#### [DATA EXTRACT]
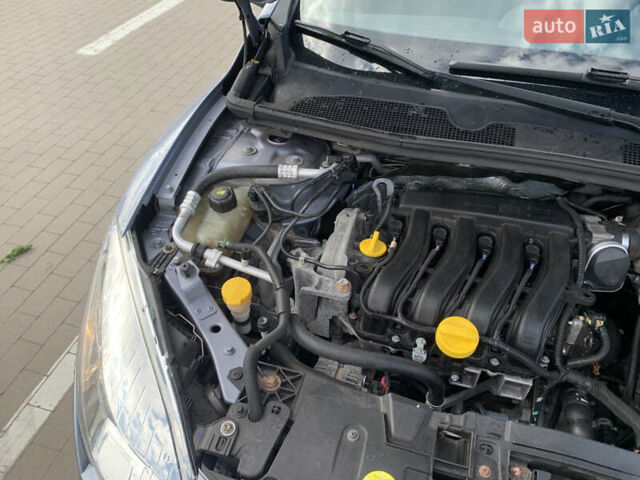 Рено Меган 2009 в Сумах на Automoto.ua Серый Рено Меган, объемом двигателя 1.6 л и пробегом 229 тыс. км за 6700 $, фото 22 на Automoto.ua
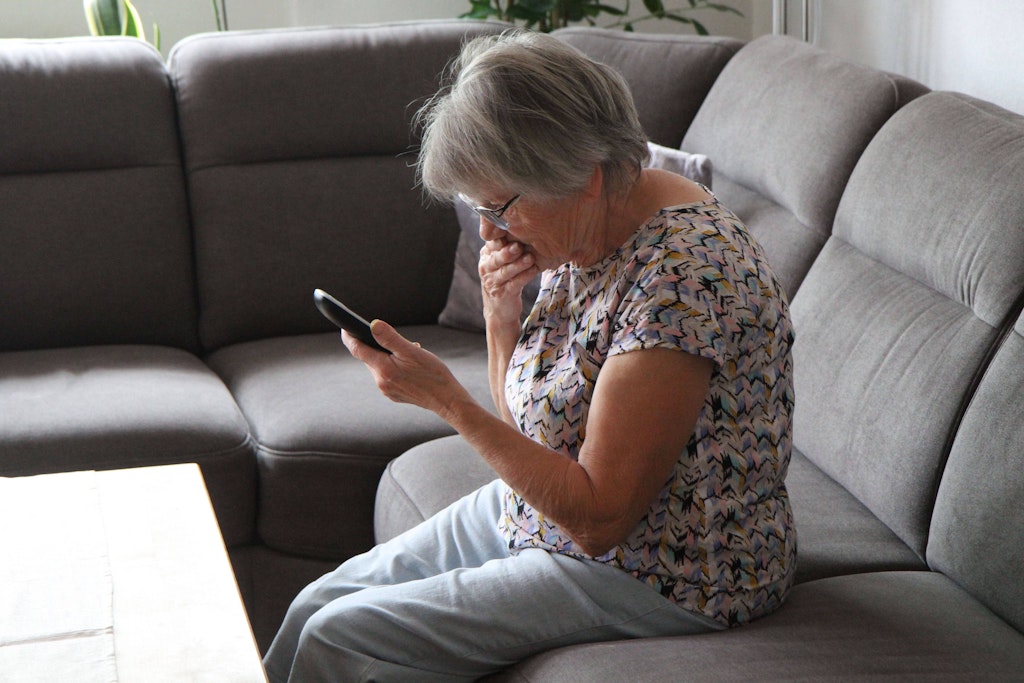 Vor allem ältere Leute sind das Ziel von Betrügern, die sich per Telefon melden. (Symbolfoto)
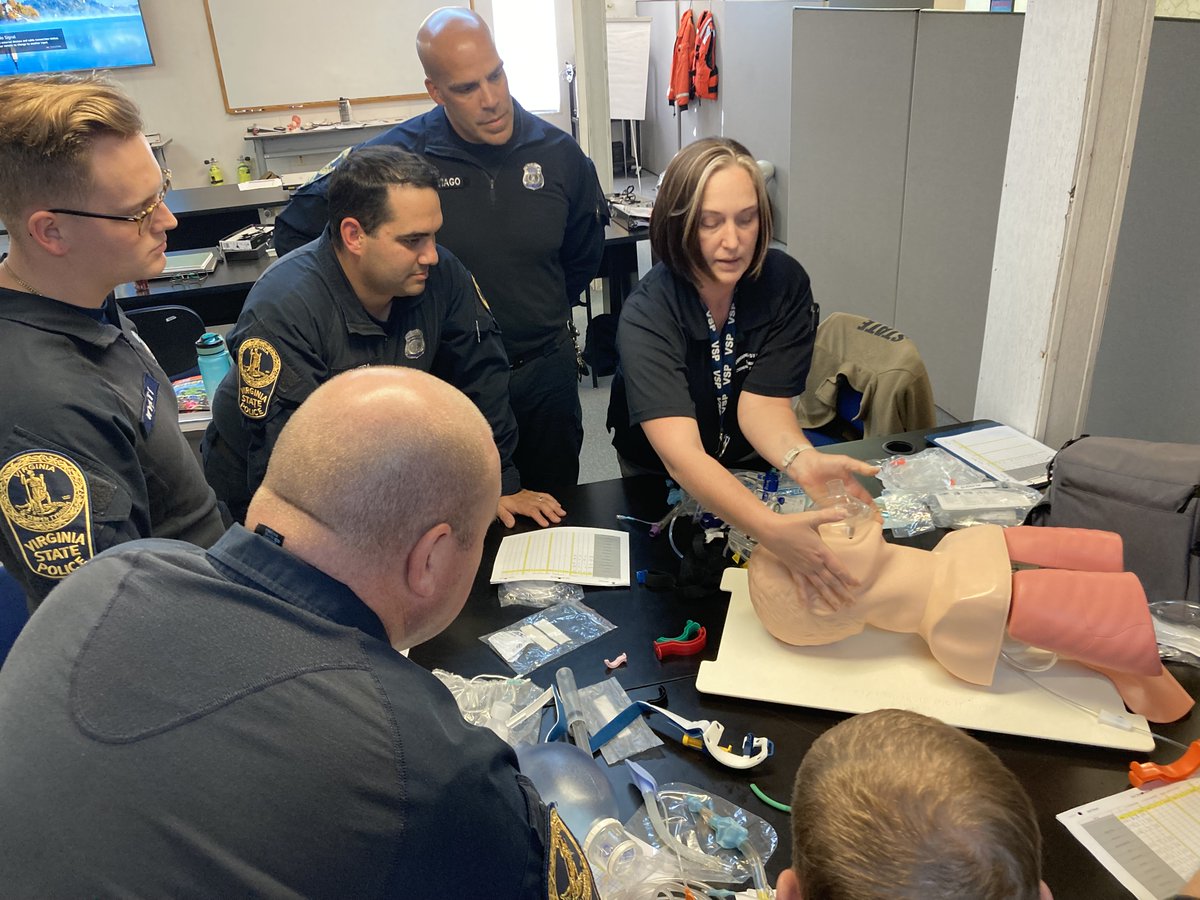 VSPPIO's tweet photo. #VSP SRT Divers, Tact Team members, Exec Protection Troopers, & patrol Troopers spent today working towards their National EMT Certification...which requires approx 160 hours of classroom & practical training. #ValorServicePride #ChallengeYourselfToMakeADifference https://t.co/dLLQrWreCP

#### [EXERCISE GOAL]
Please retype, exactly as they appear, the lines from the one with "Vor allem ältere" through the final line of the material, both included, and drop any pictures.

#### [RESPONSE AREA]
 Vor allem ältere Leute sind das Ziel von Betrügern, die sich per Telefon melden. (Symbolfoto)
 VSPPIO's tweet photo. #VSP SRT Divers, Tact Team members, Exec Protection Troopers, & patrol Troopers spent today working towards their National EMT Certification...which requires approx 160 hours of classroom & practical training. #ValorServicePride #ChallengeYourselfToMakeADifference https://t.co/dLLQrWreCP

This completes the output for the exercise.